EXERCISE AIM:
From the records below, transcribe only the lines running from the one with "Crescenta Pines Log Cabin #2346" through the one with "Audi Q3 F3 (D)pillar trim (top) 83A867245". Keep both of those end lines.

Caption-style text data
+ + + +
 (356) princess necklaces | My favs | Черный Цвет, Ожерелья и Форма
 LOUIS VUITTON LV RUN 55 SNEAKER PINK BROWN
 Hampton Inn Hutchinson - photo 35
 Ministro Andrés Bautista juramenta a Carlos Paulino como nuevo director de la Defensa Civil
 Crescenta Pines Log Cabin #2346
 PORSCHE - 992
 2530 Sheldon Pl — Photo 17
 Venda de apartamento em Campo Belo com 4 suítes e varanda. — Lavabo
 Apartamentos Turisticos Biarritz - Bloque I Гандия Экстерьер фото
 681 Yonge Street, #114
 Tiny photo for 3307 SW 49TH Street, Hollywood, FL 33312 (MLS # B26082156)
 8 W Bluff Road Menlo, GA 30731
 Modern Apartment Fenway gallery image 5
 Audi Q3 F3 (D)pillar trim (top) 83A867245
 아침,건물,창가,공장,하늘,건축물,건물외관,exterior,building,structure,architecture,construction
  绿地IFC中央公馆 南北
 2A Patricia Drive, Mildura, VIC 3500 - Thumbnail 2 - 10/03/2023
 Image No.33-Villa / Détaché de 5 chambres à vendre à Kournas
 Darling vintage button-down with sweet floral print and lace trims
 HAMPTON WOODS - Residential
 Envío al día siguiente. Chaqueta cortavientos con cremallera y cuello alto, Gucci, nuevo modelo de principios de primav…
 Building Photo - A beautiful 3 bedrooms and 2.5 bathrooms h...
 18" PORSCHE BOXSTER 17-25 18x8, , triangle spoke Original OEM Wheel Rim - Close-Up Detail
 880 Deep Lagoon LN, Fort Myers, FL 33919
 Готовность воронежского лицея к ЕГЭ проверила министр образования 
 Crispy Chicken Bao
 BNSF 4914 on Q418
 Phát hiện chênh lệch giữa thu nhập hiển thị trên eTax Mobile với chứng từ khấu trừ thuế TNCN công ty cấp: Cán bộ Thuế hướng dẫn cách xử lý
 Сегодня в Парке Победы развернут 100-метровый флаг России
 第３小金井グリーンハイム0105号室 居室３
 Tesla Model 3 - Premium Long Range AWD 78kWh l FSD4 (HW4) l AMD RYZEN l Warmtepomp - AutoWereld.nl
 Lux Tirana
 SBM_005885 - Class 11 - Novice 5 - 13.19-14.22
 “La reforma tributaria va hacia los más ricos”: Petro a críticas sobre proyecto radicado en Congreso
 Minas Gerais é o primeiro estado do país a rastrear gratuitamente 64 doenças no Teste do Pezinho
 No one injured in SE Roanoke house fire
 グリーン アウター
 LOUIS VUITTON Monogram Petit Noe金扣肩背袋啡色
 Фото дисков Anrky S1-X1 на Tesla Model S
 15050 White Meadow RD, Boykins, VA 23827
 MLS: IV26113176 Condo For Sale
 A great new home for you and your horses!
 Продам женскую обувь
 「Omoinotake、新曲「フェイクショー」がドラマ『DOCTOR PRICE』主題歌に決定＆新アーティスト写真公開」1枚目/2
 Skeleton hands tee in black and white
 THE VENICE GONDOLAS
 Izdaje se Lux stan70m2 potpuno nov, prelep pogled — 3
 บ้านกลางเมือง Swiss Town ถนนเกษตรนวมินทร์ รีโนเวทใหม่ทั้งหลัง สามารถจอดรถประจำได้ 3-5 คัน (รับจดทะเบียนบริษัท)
+ + + +
ANSWER TO THIS PROBLEM:
 Crescenta Pines Log Cabin #2346
 PORSCHE - 992
 2530 Sheldon Pl — Photo 17
 Venda de apartamento em Campo Belo com 4 suítes e varanda. — Lavabo
 Apartamentos Turisticos Biarritz - Bloque I Гандия Экстерьер фото
 681 Yonge Street, #114
 Tiny photo for 3307 SW 49TH Street, Hollywood, FL 33312 (MLS # B26082156)
 8 W Bluff Road Menlo, GA 30731
 Modern Apartment Fenway gallery image 5
 Audi Q3 F3 (D)pillar trim (top) 83A867245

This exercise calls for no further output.